(Beginning of INPUT DATA)

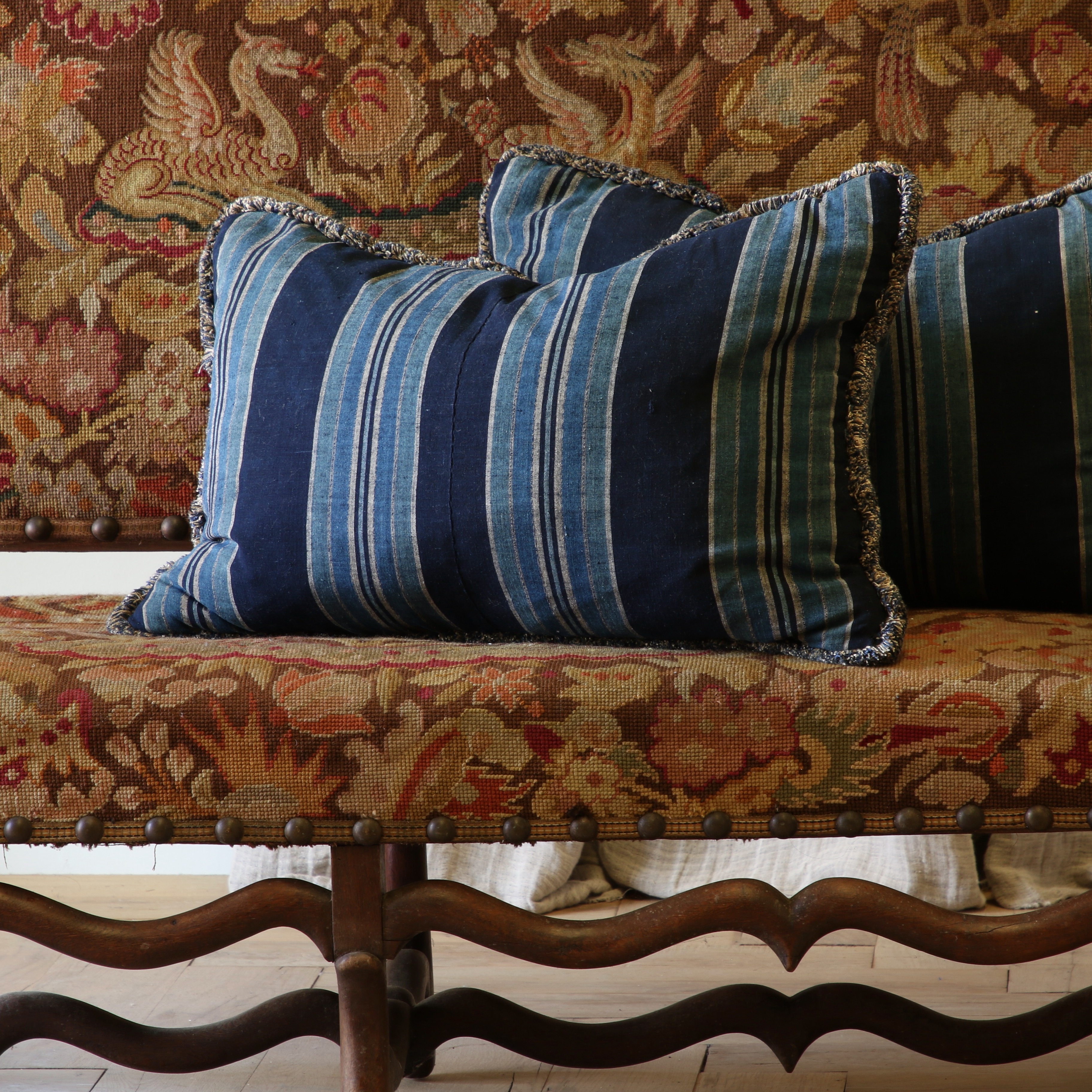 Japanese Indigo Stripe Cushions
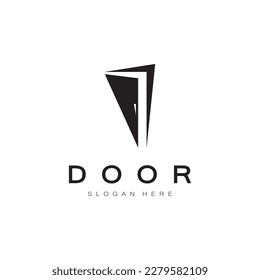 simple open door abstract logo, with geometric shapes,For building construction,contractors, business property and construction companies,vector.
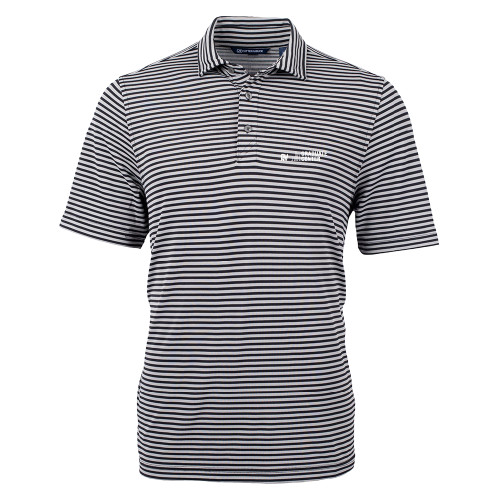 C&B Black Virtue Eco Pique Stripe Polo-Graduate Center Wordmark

(End of INPUT DATA)

» WHAT YOU ARE ASKED TO DO
Could you give the listing again exactly, minus its pictures?

» OUTPUT OF THE EXERCISE
 Japanese Indigo Stripe Cushions
 simple open door abstract logo, with geometric shapes,For building construction,contractors, business property and construction companies,vector.
 C&B Black Virtue Eco Pique Stripe Polo-Graduate Center Wordmark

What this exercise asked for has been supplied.